Framing Survival Prediction as Next-Token: A Failed Experiment
I never finished this, but the idea was too interesting not to document.
The Spark
Read the Cell2Sentenceence paper and something clicked. They take single-cell gene expression data—thousands of genes per cell—and convert it into natural language sentences that LLMs can process.
The key insight: ordering matters. They sort genes by expression level (highest to lowest) and serialize them into a sentence. The mathematical formula was something like ranking by z-score or log-fold-change. This ordering preserves the relative importance of each gene while making it digestible by a language model trained on text.
I was staring at the CIMBTR Kaggle competition at the time—bone marrow transplant survival prediction. Tabular data. Clinical features. The usual stuff you’d throw XGBoost at.

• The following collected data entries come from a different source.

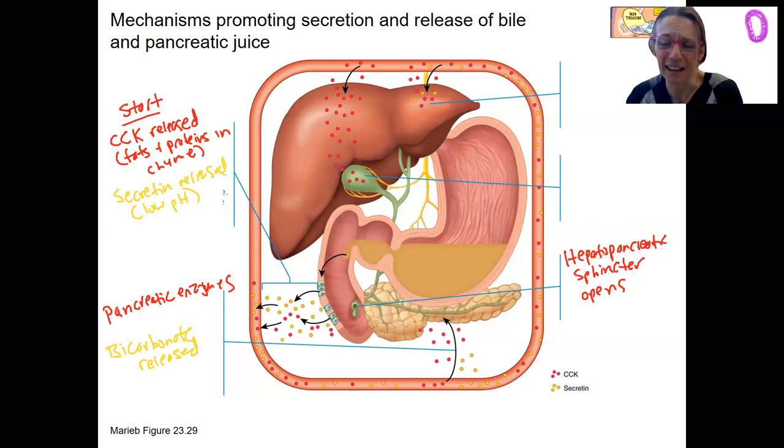Before the sphincter released, we had to have bile secretion and gallbladder release. Secretin is triggering bile secretion from the liver. The other thing also doing this is bile salts returning from circulation and stimulating this as well.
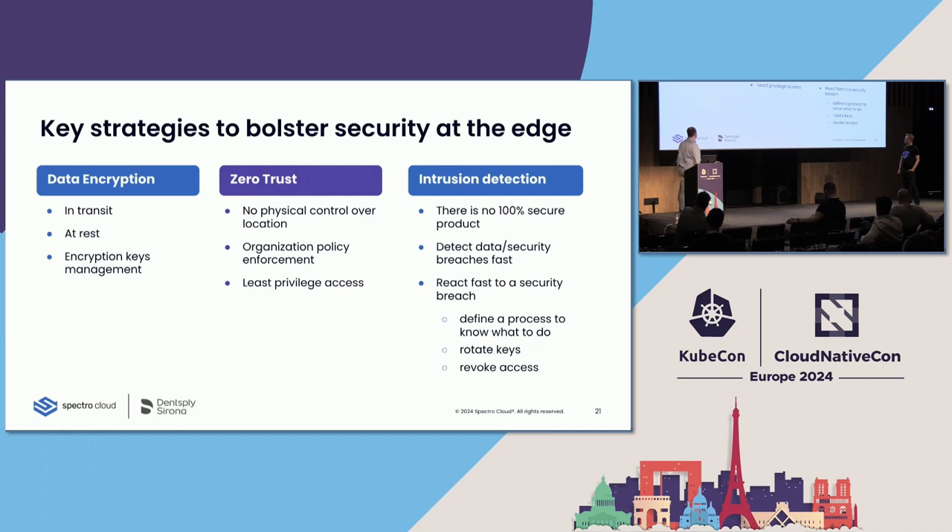The next strategy we think is very good to follow is a zero trust approach. The main problem is that nothing is in our environment, so we cannot trust anybody. Go with least privilege access. We even remove user password credentials from the edge device, so by default nobody can connect to it because there are no credentials. Additionally, define Kubernetes policies to be enforced — for example, ensuring a bad actor is not able to pull images from untrusted sources and deploy them on your Kubernetes cluster if it's compromised.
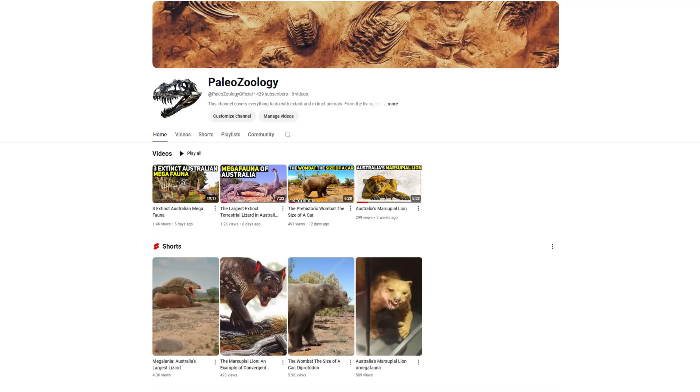Are you interested in animals? I've just started a second channel called Paleozoology that discusses extinct and extant animals, with a current focus on the megafauna that once dominated and roamed Australia. I've released a video on the marsupial lion which existed in Australia during the time indigenous Australians walked the continent. I've also covered the wombat that was the size of a car, known as the diprotodon, and the largest terrestrial lizard known as the megalania. You can find the link to this channel and the aforementioned videos in the description and in the pinned comment.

And I thought: what if survival prediction could be framed as next-token prediction?
The Half-Baked Idea
Language models are probability distributions over sequences. They predict the next token given the previous tokens. What if clinical features could be serialized into a sequence where “survival” or “death” was the natural next token to predict?
The Cell2Sentence ordering trick seemed relevant. If you sort features by some measure of importance—maybe absolute value of correlation with outcome, or feature importance from a tree model—you get a canonical ordering. Then:
age:67 | comorbidity:high | donor_match:partial | conditioning:myeloablative | ...

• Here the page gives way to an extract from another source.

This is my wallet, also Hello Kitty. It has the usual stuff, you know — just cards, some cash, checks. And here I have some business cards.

Becomes a sequence where the model learns patterns like “when you see these tokens in this order, the next token is more likely to be [outcome_X].”
The LLM isn’t learning tabular patterns—it’s learning sequence patterns. And maybe, just maybe, the attention mechanism would pick up on feature interactions that tree models miss.
What I Actually Did
- Downloaded the CIMBTR data
- Wrote some code to serialize features into sentences
- Tried a few ordering schemes (by feature importance, by correlation, alphabetically as baseline)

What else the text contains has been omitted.